Eye For Film >> Movies >> Tasting Menu (2013) Film Review
Tasting Menu
Reviewed by: Rebecca Naughten
Set on the picturesque Costa Brava, and paying homage to the region's association with deconstructivist gastronomy (as epitomised by Ferran Adrià's restaurant, elBulli), this breezy comedy dips in and out of the personal dramas unfolding within a celebrated restaurant on its closing night.
Chef Mar (Vicenta Ndongo) needs to recharge her creative batteries and is juggling the stresses of the kitchen - and the need to close the restaurant with a surprise final dish - with trying to please her partner Max (Andrew Tarbet), who sees a new business opportunity for them in Japan. Their guests for the evening include two competing Japanese investors (Togo Igawa and Akihiko Serikawa), who find themselves saddled with a chatterbox interpreter (Marta Torné) who doesn't speak Japanese, an Irish countess (Fionnula Flanagan) with her late husband's ashes in tow, a possible restaurant critic (Stephen Rea) who conducts secretive conversations on the phone, and a divorced couple (Jan Cornet and Claudia Bassols) who had secured the table while they were still married but are unwilling to give up the reservation (or each other).
The latter pairing becomes the central axis for the other unfolding dramas and comic misunderstandings, but the film has been constructed so as to mirror the form of a tasting menu - we get a small serving of one storyline before being presented with a plate of differing content.
As is often the case in ensemble films, certain storylines are better served than others and the constant juxtapositions unavoidably highlight that. For example, Fionnula Flanagan and Stephen Rea almost seem to have wandered in from different films - and that isn't an issue of language, as a lot of the cast switch between English, Catalan, Castilian Spanish, and Japanese, but rather of tone.

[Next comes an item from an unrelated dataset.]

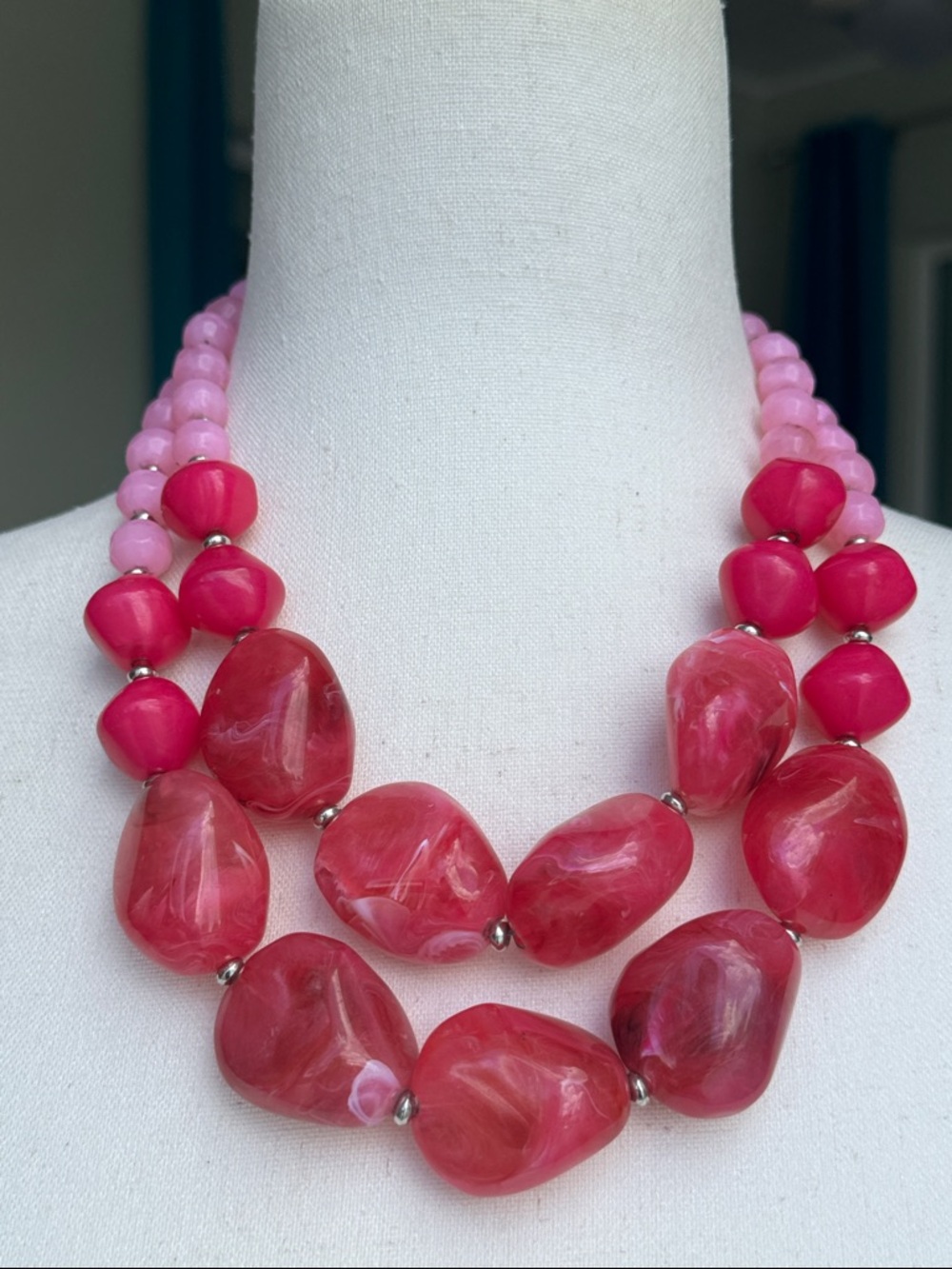 C1948 beaded statement necklace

Although, to be fair, the mix of comedic registers and tones may be intentional and a further extension of the tasting menu-type structure of the film. But while the aim of this style of cooking is to take familiar ingredients and create something imaginatively unexpected, so as to surprise the diner, the ingredients utilised by this Tasting Menu remain wholly familiar in both form and end results.
Overall, a pleasant enough concoction, but not as memorable or original as the gastronomical experience it depicts.